On a plane, two Jews are having a conversation. In this short story – delivered at the 2004 Koret Jewish Book Award ceremony in New York – Barbara Honigmann humorously questions what Jews have in common, and what radically sets them apart.
Because the man sitting next to me on the flight to New York looked so much like my father, I assumed that he was Jewish, and I spoke to him in that vein until he confirmed it to me and I could tell him that I had already suspected as much and that I was Jewish too, and he said that he had already suspected as much too. So our conversation quickly moved from the weather to the Israeli-Palestinian conflict. Since we liked each other and didn’t want to fall out right away, after all, we still had eight hours of flight time together ahead of us, we were careful at first in expressing our opinions on the subject.
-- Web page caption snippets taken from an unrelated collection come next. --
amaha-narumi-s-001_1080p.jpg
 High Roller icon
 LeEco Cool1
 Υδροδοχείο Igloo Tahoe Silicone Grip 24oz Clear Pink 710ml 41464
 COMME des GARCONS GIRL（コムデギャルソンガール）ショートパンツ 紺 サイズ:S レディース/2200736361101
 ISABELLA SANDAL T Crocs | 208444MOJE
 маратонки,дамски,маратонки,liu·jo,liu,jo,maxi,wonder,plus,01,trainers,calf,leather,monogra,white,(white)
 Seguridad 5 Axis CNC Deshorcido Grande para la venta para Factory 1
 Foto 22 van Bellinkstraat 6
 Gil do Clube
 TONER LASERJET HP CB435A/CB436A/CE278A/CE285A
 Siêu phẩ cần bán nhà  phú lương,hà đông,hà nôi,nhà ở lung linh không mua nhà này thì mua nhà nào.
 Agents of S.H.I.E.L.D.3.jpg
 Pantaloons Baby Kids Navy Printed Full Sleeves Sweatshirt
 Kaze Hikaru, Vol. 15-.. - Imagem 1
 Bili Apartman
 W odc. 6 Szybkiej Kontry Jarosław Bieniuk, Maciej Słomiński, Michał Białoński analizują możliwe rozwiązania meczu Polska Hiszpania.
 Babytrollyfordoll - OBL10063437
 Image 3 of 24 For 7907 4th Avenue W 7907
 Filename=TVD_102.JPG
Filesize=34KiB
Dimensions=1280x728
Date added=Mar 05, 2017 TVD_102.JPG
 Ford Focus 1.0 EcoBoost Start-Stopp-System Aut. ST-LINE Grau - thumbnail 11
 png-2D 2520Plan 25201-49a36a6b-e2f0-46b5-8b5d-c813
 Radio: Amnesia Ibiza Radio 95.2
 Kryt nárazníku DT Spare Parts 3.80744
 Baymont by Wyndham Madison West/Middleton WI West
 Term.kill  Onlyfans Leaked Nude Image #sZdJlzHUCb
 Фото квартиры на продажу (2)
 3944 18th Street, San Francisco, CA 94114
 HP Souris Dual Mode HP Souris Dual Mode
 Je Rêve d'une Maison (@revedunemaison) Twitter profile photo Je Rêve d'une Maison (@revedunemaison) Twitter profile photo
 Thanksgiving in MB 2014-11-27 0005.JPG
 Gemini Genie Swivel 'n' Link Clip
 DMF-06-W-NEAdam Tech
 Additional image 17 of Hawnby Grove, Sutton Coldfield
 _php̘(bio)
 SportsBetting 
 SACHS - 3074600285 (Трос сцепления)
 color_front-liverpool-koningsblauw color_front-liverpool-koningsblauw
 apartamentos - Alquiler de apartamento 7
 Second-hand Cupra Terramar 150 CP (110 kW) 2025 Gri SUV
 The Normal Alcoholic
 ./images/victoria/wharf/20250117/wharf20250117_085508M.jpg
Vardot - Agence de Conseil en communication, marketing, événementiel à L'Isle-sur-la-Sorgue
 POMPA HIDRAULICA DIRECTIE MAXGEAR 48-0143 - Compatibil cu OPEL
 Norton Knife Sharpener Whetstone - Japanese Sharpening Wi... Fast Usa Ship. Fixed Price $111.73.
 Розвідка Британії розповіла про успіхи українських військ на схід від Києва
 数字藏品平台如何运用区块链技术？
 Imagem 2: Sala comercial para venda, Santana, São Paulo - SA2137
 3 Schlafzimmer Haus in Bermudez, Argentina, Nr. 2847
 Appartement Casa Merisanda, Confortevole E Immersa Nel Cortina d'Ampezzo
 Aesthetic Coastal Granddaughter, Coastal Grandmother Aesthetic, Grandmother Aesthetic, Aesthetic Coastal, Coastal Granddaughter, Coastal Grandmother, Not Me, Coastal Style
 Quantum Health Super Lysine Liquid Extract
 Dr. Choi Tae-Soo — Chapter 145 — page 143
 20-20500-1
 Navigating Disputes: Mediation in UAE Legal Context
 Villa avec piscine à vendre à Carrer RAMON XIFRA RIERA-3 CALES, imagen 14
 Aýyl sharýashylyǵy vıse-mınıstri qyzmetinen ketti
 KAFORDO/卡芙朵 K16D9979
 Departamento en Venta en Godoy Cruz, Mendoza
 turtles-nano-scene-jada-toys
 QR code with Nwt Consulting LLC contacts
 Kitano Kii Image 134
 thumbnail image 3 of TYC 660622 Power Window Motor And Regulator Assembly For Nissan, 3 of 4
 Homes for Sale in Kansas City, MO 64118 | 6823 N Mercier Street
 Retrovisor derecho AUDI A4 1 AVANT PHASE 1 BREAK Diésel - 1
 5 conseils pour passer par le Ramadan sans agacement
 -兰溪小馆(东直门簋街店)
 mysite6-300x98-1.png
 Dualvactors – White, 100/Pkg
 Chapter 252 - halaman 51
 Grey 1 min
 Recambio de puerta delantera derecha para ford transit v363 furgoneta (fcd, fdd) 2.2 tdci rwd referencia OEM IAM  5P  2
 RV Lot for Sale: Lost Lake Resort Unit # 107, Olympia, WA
Fortunately, however, it turned out that we had similar political ideas, and so we spent the time until lunch sketching out various peace initiatives.
As I ate my food, which was wrapped and sealed in many layers and declared kosher by the Paris Beth Din, while he ate his Air France meal, our conversation naturally turned to more religious topics. He explained his liberal, even, as he put it, “free” view of Judaism and the Jewish religion to me. We spoke English, but he said “free” in German, a word that has been preserved in Yiddish; and I explained my reasons for approaching the stricter view, and then we wished each other bon appétit and assured each other of mutual tolerance. After all: Kol Israel Chaverim! All Jews are companions to each other! If only it were the same beyond our chance encounter!
Then we told each other our life stories, our own and those of our parents and spouses and their parents, which all sounded quite similar. My neighbor was a real New Yorker, but his parents had immigrated from Poland and had a successful leather goods business, which he inherited and then sold. He now lives near Florence, which had always been his dream. I then showed him my Longchamp handbag, which my friends had given me for my last big birthday, after all, five adult women had chipped in to buy it in the chic Longchamp boutique. But he only gave the bag a brief pitying glance. Well, he understood that it had an emotional value for me, but otherwise, the only place where they still made real leather goods was where he now lived, near Florence. He had become very close with one of these Florentine bag and suitcase artists, which was why he had moved there, to a small town right on the Arno. He didn’t miss New York.
I told him about my parents’ life stories, how they had survived the Nazi era, where they emigrated to, and that they came back to Germany after the war, which he was very surprised about, really?, and how I myself later emigrated from Berlin to France. We then touched on the situation of Jews in France. We wondered if there was a new antisemitism in Europe. And what about the USA? They are not protected from it either, oh no, they never were. Anti-Judaism is as old as the history of the Jews, it has always accompanied them, always for different reasons, or rather always for the same reasons, as many books have been written about it. But actually we don’t want to take an interest in antisemitism, that’s not our problem, it’s their problem. Yes, of course, we completely agreed on that.
And the airplane was already preparing to land; time had literally flown by during our conversation.
We parted ways before passport control, with him going through for U.S. citizens and me joining the line for non-U.S. citizens. We said goodbye, thanking each other for the pleasant company.
We were left with only one question: what do goyim actually talk about?